Exercise brief: Set every line of the data down again exactly, and keep the pictures out.

(Captioned web images)
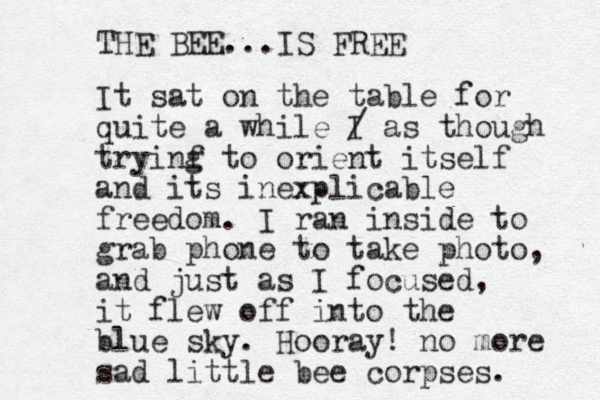 It sat on the table for quite a while I / as though tryinf to g orient itself and its inexplicable freedom. I ran inside to grab phone to take photo, and just as I focused, it flew off into the blue sky. Hooray! no more sad little bee corpses. THE BEE...IS FREE 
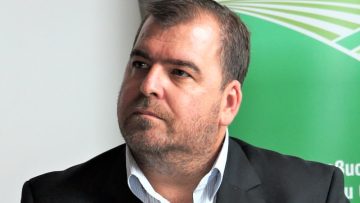 явор гечев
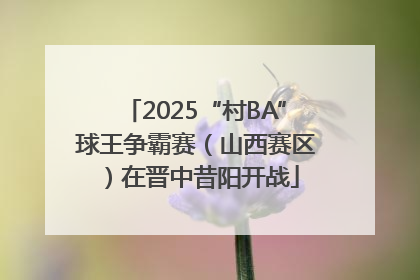 2025“村BA”球王争霸赛（山西赛区）在晋中昔阳开战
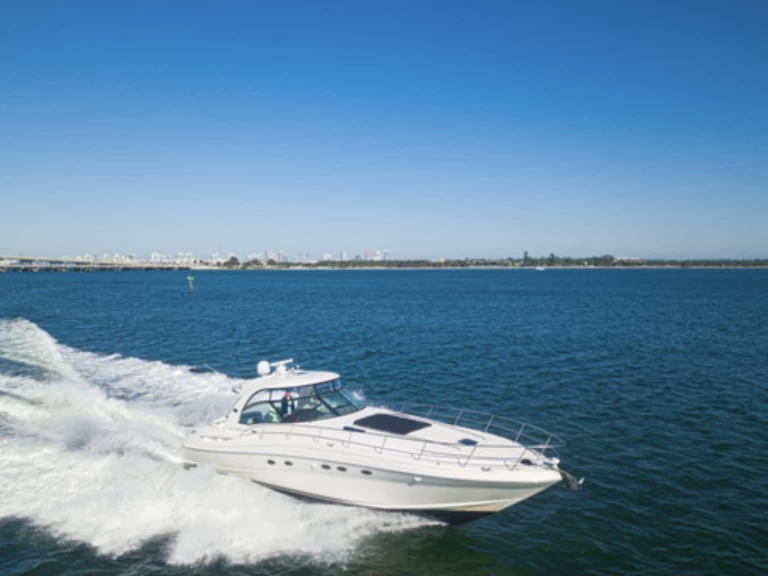 Yacht mit oder ohne Skipper Sea Ray mieten in Miami Beach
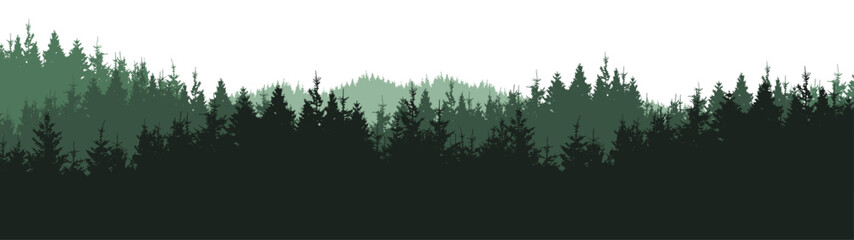 Forest blackforest woods vector illustration banner landscape panorama long - Green silhouette of spruce and fir trees, isolated on white background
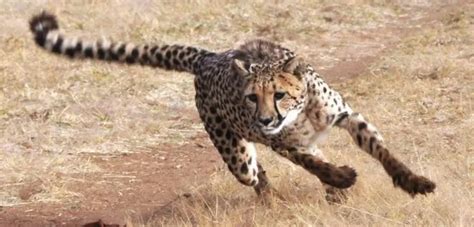 Hunting with a Cheetah - PetTime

Exercise output:
 It sat on the table for quite a while I / as though tryinf to g orient itself and its inexplicable freedom. I ran inside to grab phone to take photo, and just as I focused, it flew off into the blue sky. Hooray! no more sad little bee corpses. THE BEE...IS FREE 
 явор гечев
 2025“村BA”球王争霸赛（山西赛区）在晋中昔阳开战
 Yacht mit oder ohne Skipper Sea Ray mieten in Miami Beach
 Forest blackforest woods vector illustration banner landscape panorama long - Green silhouette of spruce and fir trees, isolated on white background
 Hunting with a Cheetah - PetTime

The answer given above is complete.